MEXICO CITY -- The United States ended 75 years of frustration in Mexico, winning at its southern neighbor and regional revival for the first time Wednesday night when Michael Orozco Fiscal's goal in the 80th minute and Tim Howard's late sprawling saves provided a 1-0 victory.
Dominated for most of the night, the Americans went ahead on a move created by a trio of second-half substitutes.
Brek Shea, who entered two minutes earlier, went down the left flank and around Severo Meza. Shea, back with the national team after being dropped for six months, crossed to Terrence Boyd. He made a quick backheel pass to Orozco Fiscal, who had entered in the 77th.
Orozco Fizcal, who plays in Mexico for San Luis, kicked the ball past goalkeeper Guillermo Ochoa for his first international goal.
Howard preserved the lead, changing directions to stop a deflected shot by Javier Hernandez in the 85th, then pawing away a 4-yard downward header by Chicharito in the 89th.
"I think it's huge. It's huge for I think all American fans, it's huge for the team, and it's historic," U.S. coach Jurgen Klinsmann said. "We were very well aware that we've never won here at the Azteca Stadium. This is an amazing experience for the all the players. We told them before the game: This moment is for you, go and grab it. We are all aware that it was a lot, a lot of work."
The U.S. had been 0-23-1 against El Tri in 75 years of games at Mexico, including 0-19-1 in the thin air at altitude in Mexico City -- where they had been outscored 81-14.
"Tim Howard kept us in the game I don't know how many times," said Klinsmann, who has been trying to change the defensive mindset the American had at times under Bob Bradley. "It's a mental aspect of it. Eventually, you need a little bit of luck, too, and I think in some instances we were lucky tonight."

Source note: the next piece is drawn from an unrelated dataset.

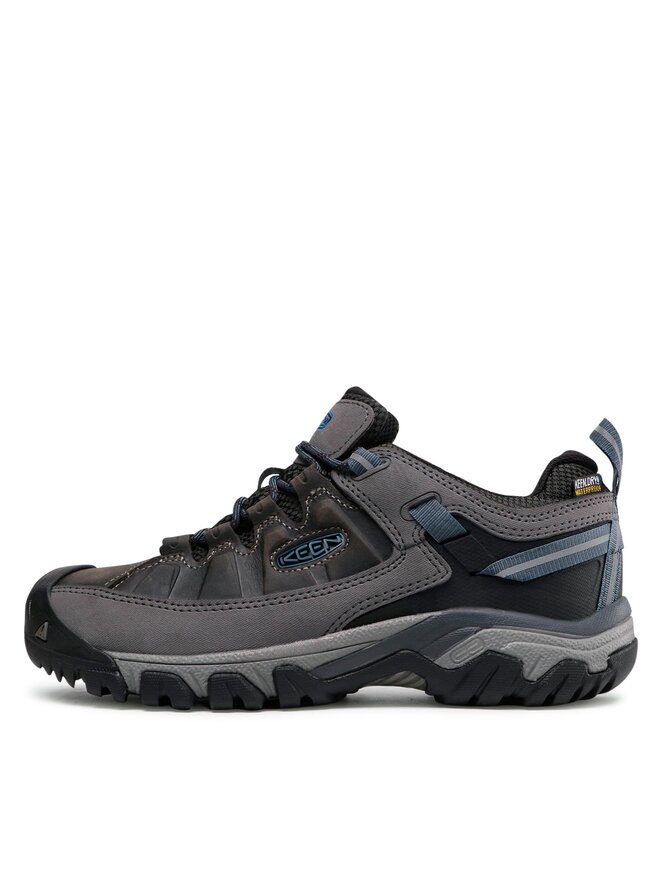 Keen Παπούτσια πεζοπορίας Keen Targhee III 1017785 Γκρι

It was the second big win for the Americans this year, following their first-ever victory over Italy in a friendly at Genoa in February.
With the European clubs seasons getting under way, the U.S. used a half-strength roster and a makeshift central defense.

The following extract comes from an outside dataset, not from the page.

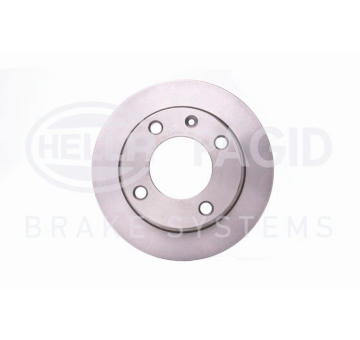 Brzdový kotouč HELLA PAGID 8DD 355 103-011
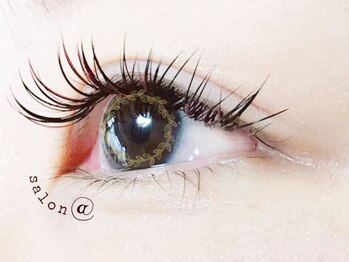 サロンアット(salon@)/バインドロック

Mexico, also below strength following the Olympics, dominated possession but failed to connect on several open shots as the Americans paired Maurice Edu and Geoff Cameron in the center of their back line.
The game marked the start of the Americans' second year under Klinsmann, who replaced Bradley last summer after Mexico overcame a two-goal deficit to win the CONCACAF Gold Cup final 4-2.
The U.S. figures to have a lineup closer to full strength for a pair of World Cup qualifiers against Jamaica next month, on the road on Sept. 7 and at Columbus, Ohio, four days later. Mexico plays Costa Rica twice on those same days.
"We know we have to improve in many, many elements," Klinsmann said. "We have to keep the ball longer. We have to create more chances. We have to do a lot of work still. But I think this gives us a lot of confidence."
Landon Donovan, searching for his 50th international goal, left at the start of the second half because of a tight hamstring and DaMarcus Beasley came in for his 97th international appearance. Boyd came in at the same time to replace an ineffective Jose Torres.
Cameron got his head on a cross from Elias Hernandez in the 56th minute, preventing Hernandez from an open shot in front. A minute later, Jesus Zavala put an open header over the crossbar.
With Ochoa off his line, Kyle Beckerman put a long, sliding shot just over the crossbar in the 60th.
Andres Guardado hooked a free kick just wide to Howard's right post in the 65th after Cameron fouled Hernandez just outside the penalty area. Hernandez then sent an open header wide in the 76th off a cross from Hernandez.
"It was very difficult in high altitude, with many of them flying in from Europe two days ago," Klinsmann said. "But we had a plan, and we tried to execute that plan and getting that win here, I mean it's quite enjoyable."